Berbeda dengan negara-negara lain, Suriah menghadapi konflik yang lebih mengerikan. Gerakan protes awalnya dimulai sebagai gerakan damai untuk meminta reformasi, namun dengan cepat berubah menjadi perang saudara yang berkepanjangan. Pemerintah Presiden Bashar al-Assad mengerahkan kekuatan militer untuk menghancurkan oposisi, yang mengakibatkan ribuan kematian dan pengungsian massal. Hingga kini, Suriah masih terjebak dalam kekacauan dan tragedi kemanusiaan.

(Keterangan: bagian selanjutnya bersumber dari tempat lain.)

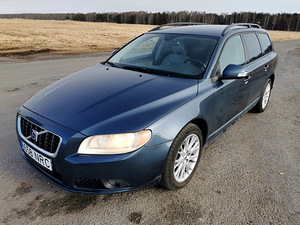 Volvo V70 2008 (1 foto / 9)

Sementara itu, Yaman juga terjerumus dalam konflik yang mematikan. Protes yang dimulai karena ketidakpuasan terhadap Presiden Ali Abdullah Saleh berujung pada konflik multilateral, melibatkan berbagai faksi, termasuk kelompok Houthi yang mendapatkan dukungan Iran. Negara ini saat ini sedang berjuang melawan krisis kemanusiaan yang parah, dengan penyebab utama berasal dari perang saudara yang berkepanjangan.

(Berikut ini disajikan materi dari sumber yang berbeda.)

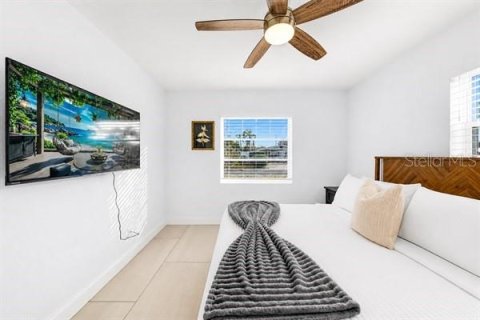 House in Treasure Island, Florida 3 bedrooms, 141.4 sq.m. № 2310929 - photo 27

Imbas dari Arab Spring tidak hanya terasa di kawasan tersebut, tetapi juga di seluruh dunia. Tuntutan akan demokrasi di Timur Tengah mendorong banyak negara secara global untuk memperhatikan situasi politik di kawasan ini. Namun, harapan akan demokrasi yang lebih baik sering kali dibayangi oleh kekerasan dan konflik, mengarah pada "Musim Semi yang Berdarah".